§ **TASK GOAL**: Give back exactly the lines from the one holding "by Paradox Lab" to the bottom of the material, both included, and nothing more. No pictures.

§ **SOURCE MATERIAL**:
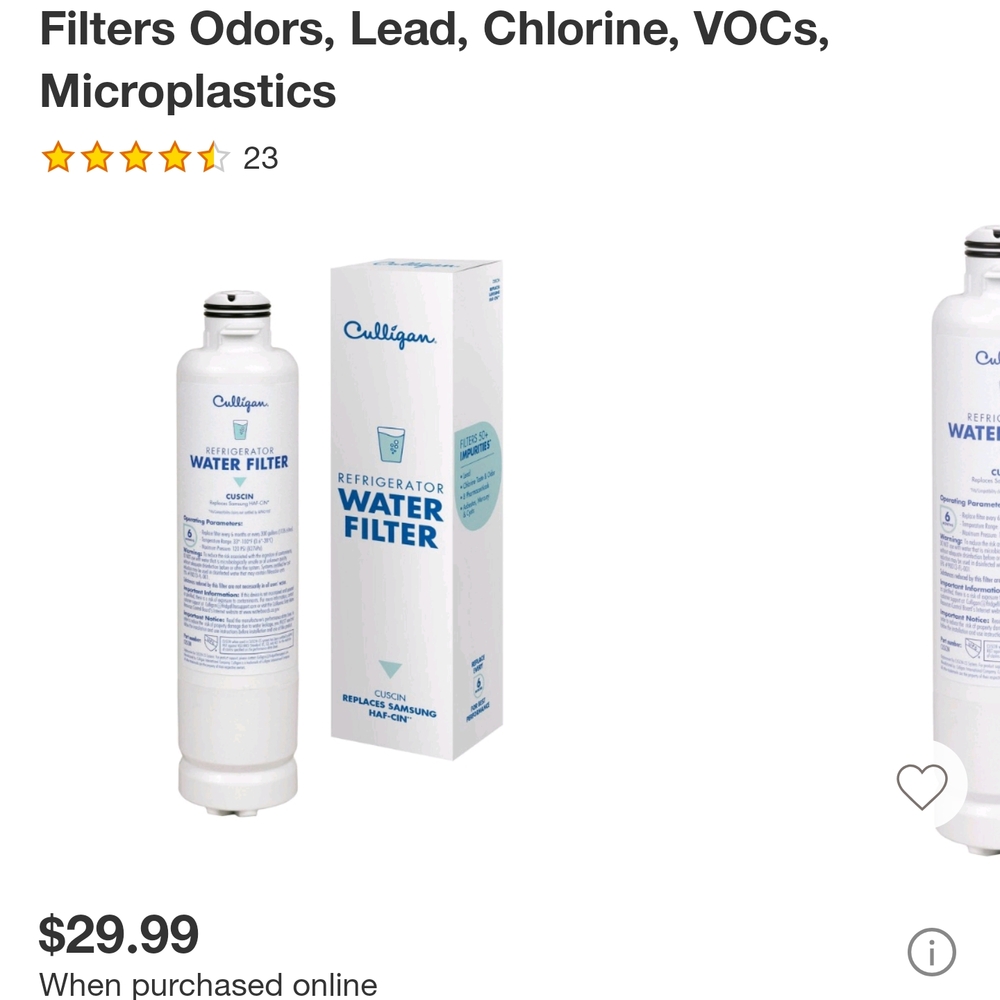 Culligan Refrigerator Water Filter
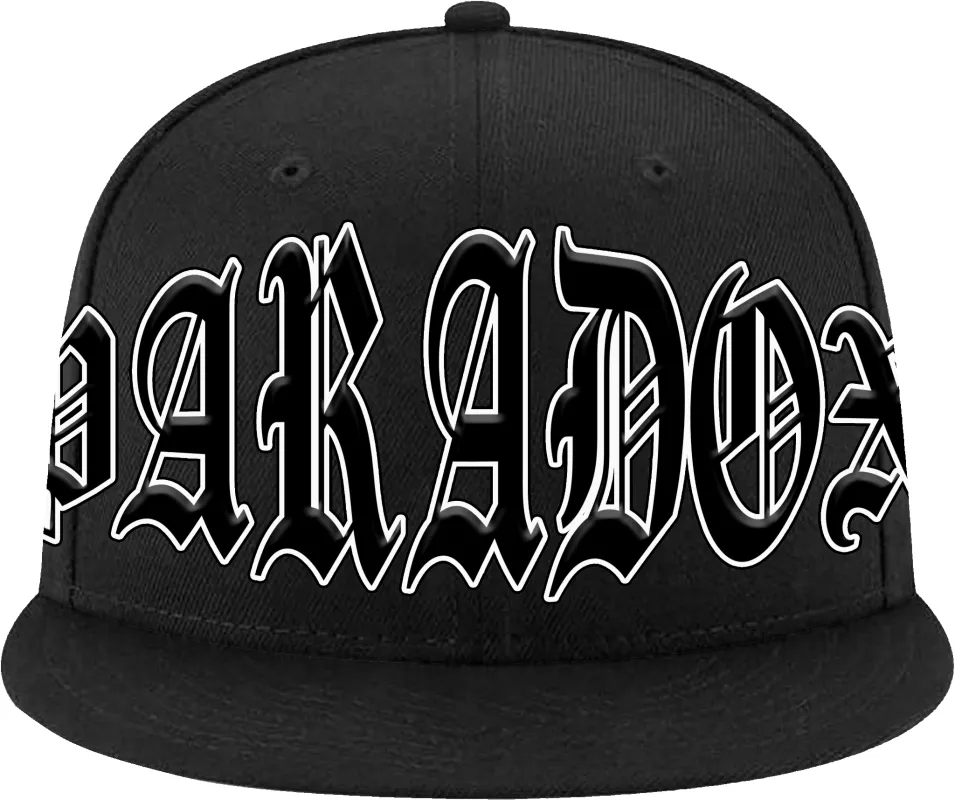 “Blackout” Fitted Hat (Black/White) sold by Paradox Lab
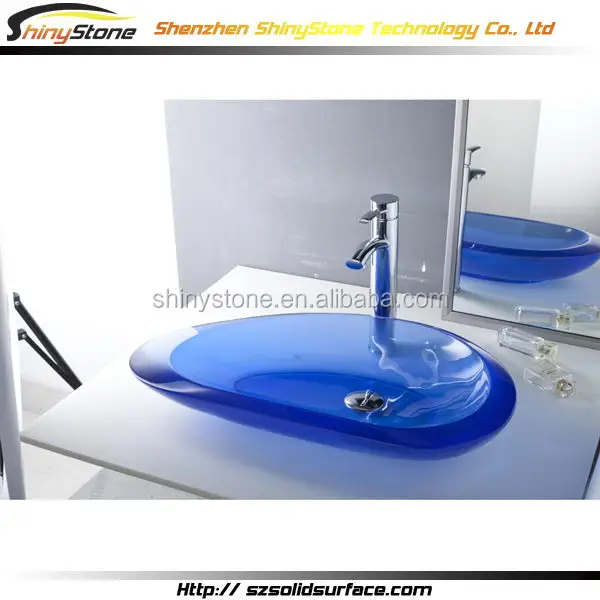Masterpiece chain shop composite solid surface bathroom corner glass wash basin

§ **ANSWER AREA**:
 “Blackout” Fitted Hat (Black/White) sold by Paradox Lab
Masterpiece chain shop composite solid surface bathroom corner glass wash basin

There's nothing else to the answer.